In other words, $L^{-1}$ is a diagonal matrix with elements being the square root of the inverse of the diagonal elements of Qyy. 

### When $y$ is independent

In [None]:
# For now, we can consider a uncorrelated y
# This means Qyy is a diagonal matrix
Qyy_diag = np.random.uniform(0.8, 0.99, N_arcs) # diagonal components
L_inv = scipy.sparse.diags(1 / np.sqrt(Qyy_diag), 0, shape=(N_arcs, N_arcs))
L_inv

In [None]:
@np.vectorize(signature="(i)->(j)")
def lsmr(y):
    x, *_ = scipy.sparse.linalg.lsmr(L_inv@A_sparse, y)
    return x

In [None]:
%%time
x = lsmr((L_inv @ y).T).T  # double traspose should be fixed..

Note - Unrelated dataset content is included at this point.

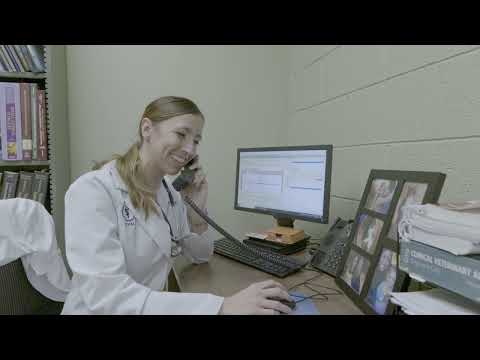 Dr. Ashley Fairbairn at DePorre Veterinary Hospital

### When $y$ is not independent (Doesn't work yet)

Below is a quick example with dask. But turned out hard to create a case where $Q_{yy}^{-1}$ is cholesky decomposable. 

In [None]:
# Qyy_diag = da.random.uniform(0.8, 0.99, N_arcs) # diagonal components
# Qyy = da.diag(Qyy_diag)
# Qyy_inv_off_diag = da.random.uniform(0.01,0.1, (N_arcs, N_arcs))  # off-diagonal components
# Qyy_inv = da.linalg.inv(Qyy) + Qyy_inv_off_diag
# L_inv = da.linalg.cholesky(Qyy_inv)
# L_inv

In [None]:
# @np.vectorize(signature="(i)->(j)")
# def lsmr(y):
#     x, *_ = scipy.sparse.linalg.lsmr(L_inv@A_sparse, y)
#     return x

In [None]:
# %%time
# x = lsmr((L_inv @ y).T).T  # double traspose should be fixed..